WHAT IS BEING ASKED -
Your task is to copy the listing exactly. Drop any pictures from the copy.

INPUT DATA -
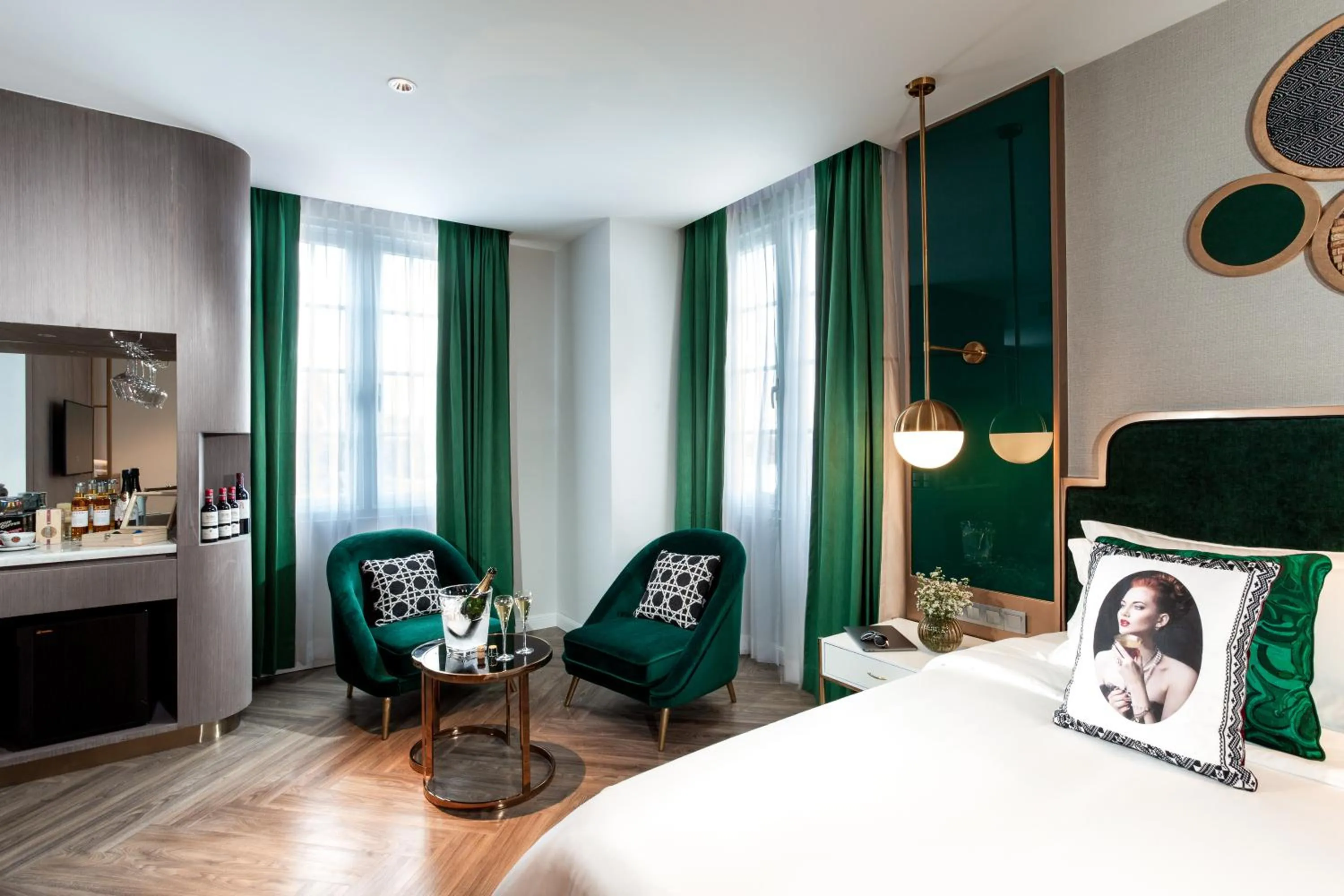 Bed in La Seine Hotel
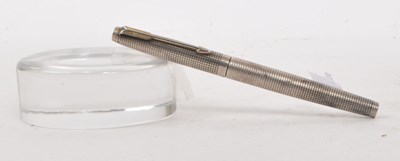 Lot 215 - PARKER - VINTAGE 1960S STERLING SILVER FOUNTAIN PEN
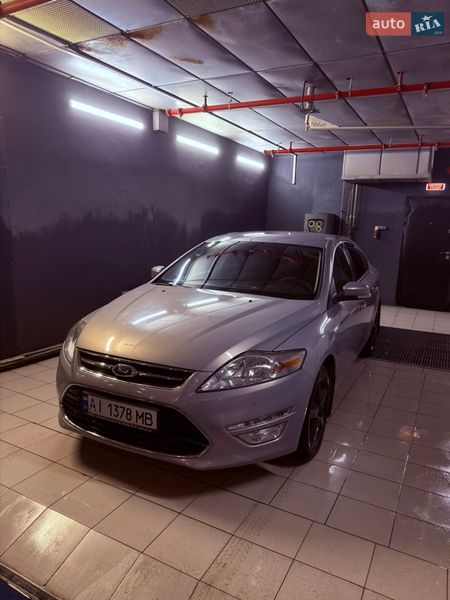 Ford Mondeo 2013 Ford Mondeo 2013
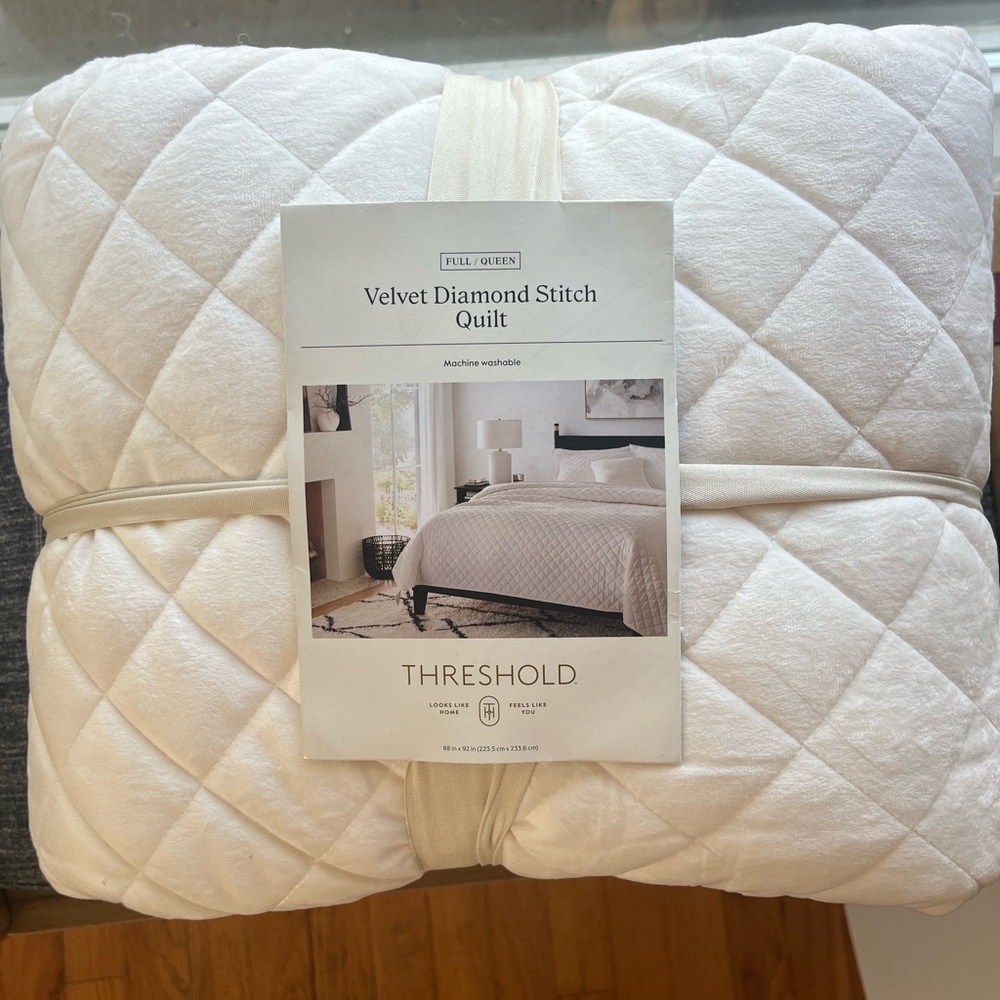 Threshold Velvet Diamond Stitch Quilt - Cream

SOLUTION TO THIS EXERCISE -
 Bed in La Seine Hotel
 Lot 215 - PARKER - VINTAGE 1960S STERLING SILVER FOUNTAIN PEN
 Ford Mondeo 2013 Ford Mondeo 2013
 Threshold Velvet Diamond Stitch Quilt - Cream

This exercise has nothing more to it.